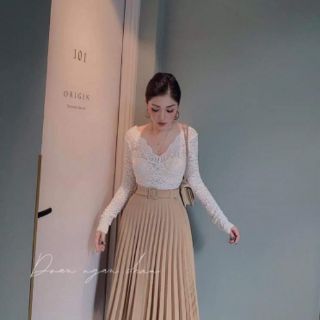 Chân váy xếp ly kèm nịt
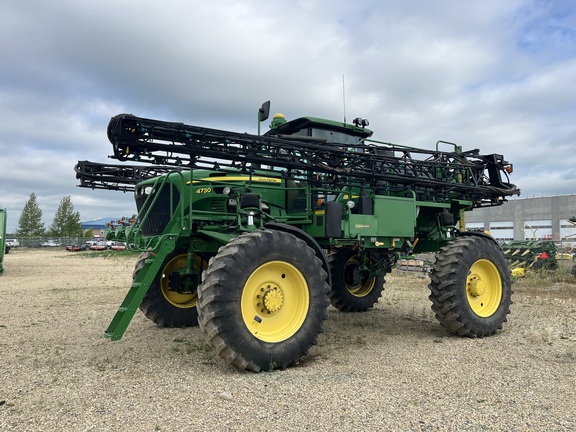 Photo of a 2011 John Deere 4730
┄┄┄┄┄┄┄┄┄┄┄┄┄┄┄┄┄┄┄┄
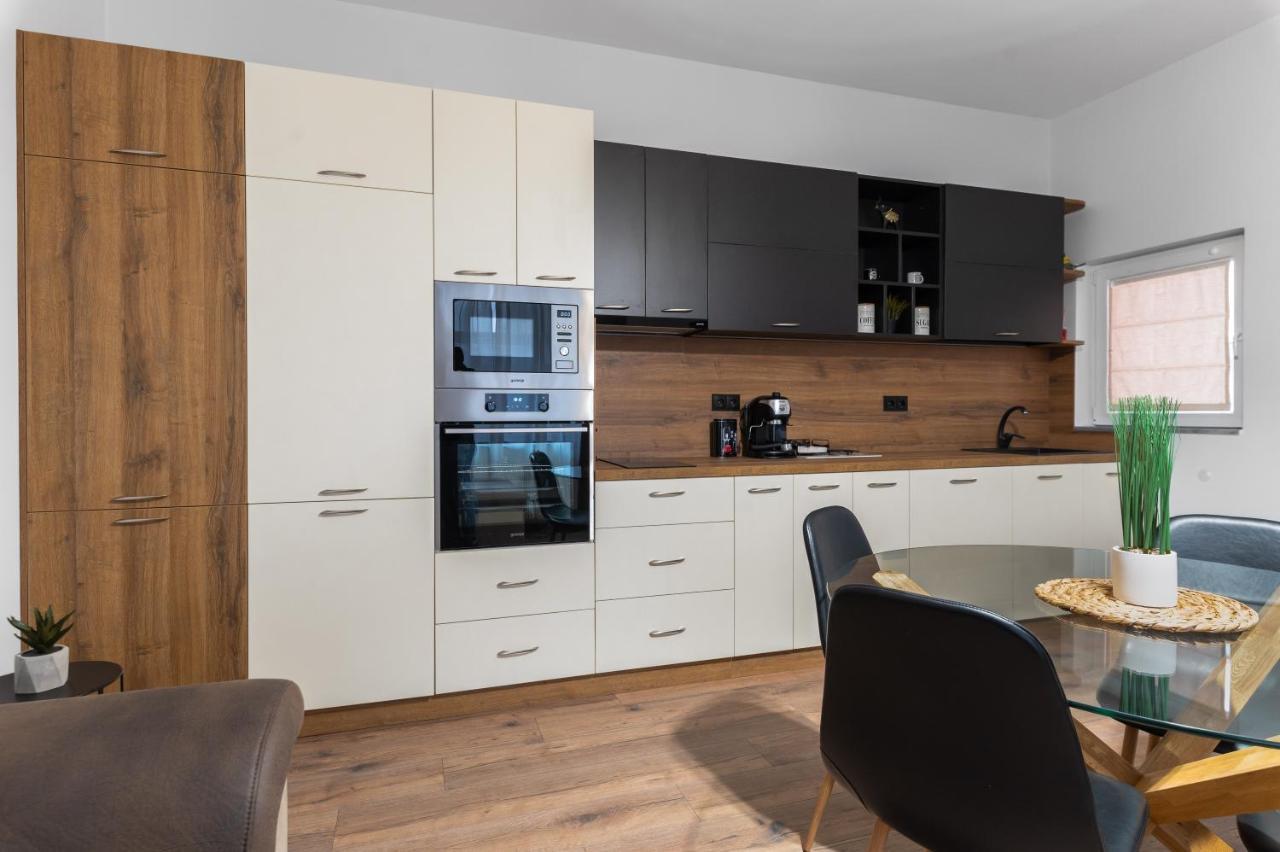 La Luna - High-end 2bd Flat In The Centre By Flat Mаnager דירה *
┄┄┄┄┄┄┄┄┄┄┄┄┄┄┄┄┄┄┄┄
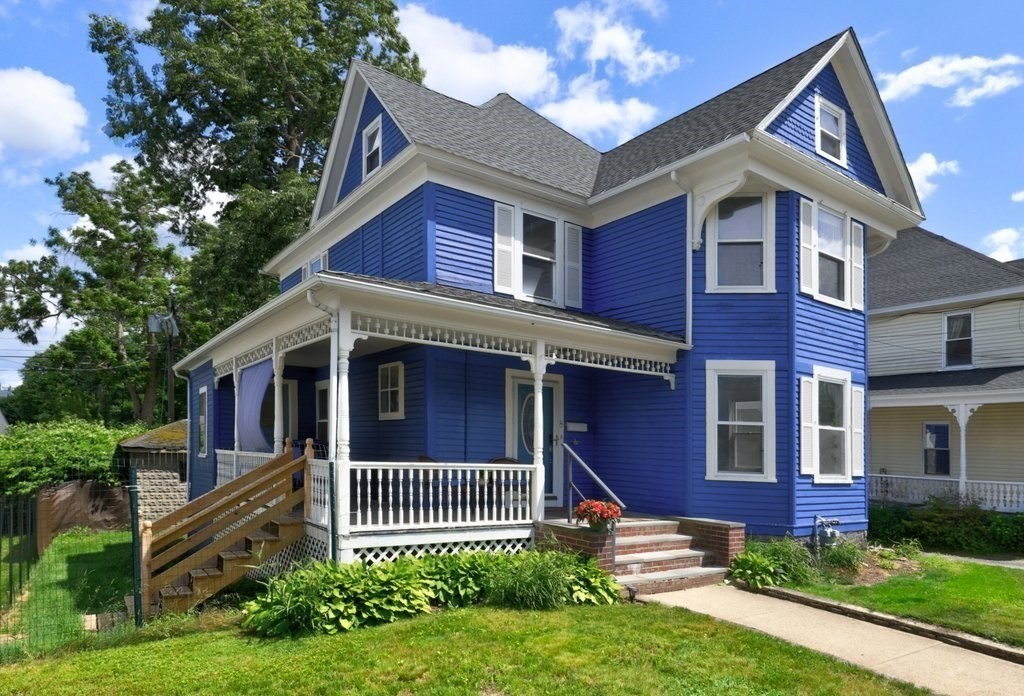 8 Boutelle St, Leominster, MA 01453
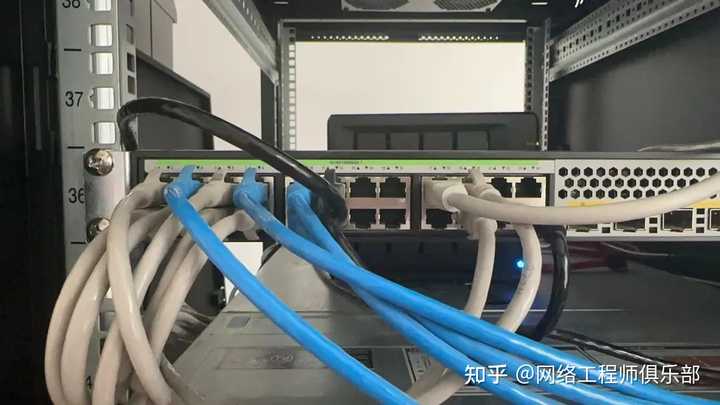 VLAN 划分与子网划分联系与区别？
┄┄┄┄┄┄┄┄┄┄┄┄┄┄┄┄┄┄┄┄
Work to complete. Copy everything above from the line holding "Chân váy xếp ly kèm nịt" down to the line holding "Photo of a 2011 John Deere 4730", both ends included, exactly as it stands and without the pictures.

Solution for this task.
 Chân váy xếp ly kèm nịt
 Photo of a 2011 John Deere 4730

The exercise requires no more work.